### Aim of the exercise
Each line below from the one containing "Denso Spark Plug" through the one containing "A picture of step 3 of Pita pocket." should be output exactly as it stands, and no other line should appear.
--- Data shown Enclosed Below ---
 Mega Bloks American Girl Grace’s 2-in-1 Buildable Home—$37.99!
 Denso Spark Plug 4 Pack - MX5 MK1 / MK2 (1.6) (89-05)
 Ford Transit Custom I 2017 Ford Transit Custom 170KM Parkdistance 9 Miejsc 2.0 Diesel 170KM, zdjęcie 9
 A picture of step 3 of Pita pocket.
--- End of Enclosed Data shown ---
--- Data shown Enclosed Below ---
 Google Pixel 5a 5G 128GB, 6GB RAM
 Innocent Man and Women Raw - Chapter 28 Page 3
--- End of Enclosed Data shown ---
### Task response
 Denso Spark Plug 4 Pack - MX5 MK1 / MK2 (1.6) (89-05)
 Ford Transit Custom I 2017 Ford Transit Custom 170KM Parkdistance 9 Miejsc 2.0 Diesel 170KM, zdjęcie 9
 A picture of step 3 of Pita pocket.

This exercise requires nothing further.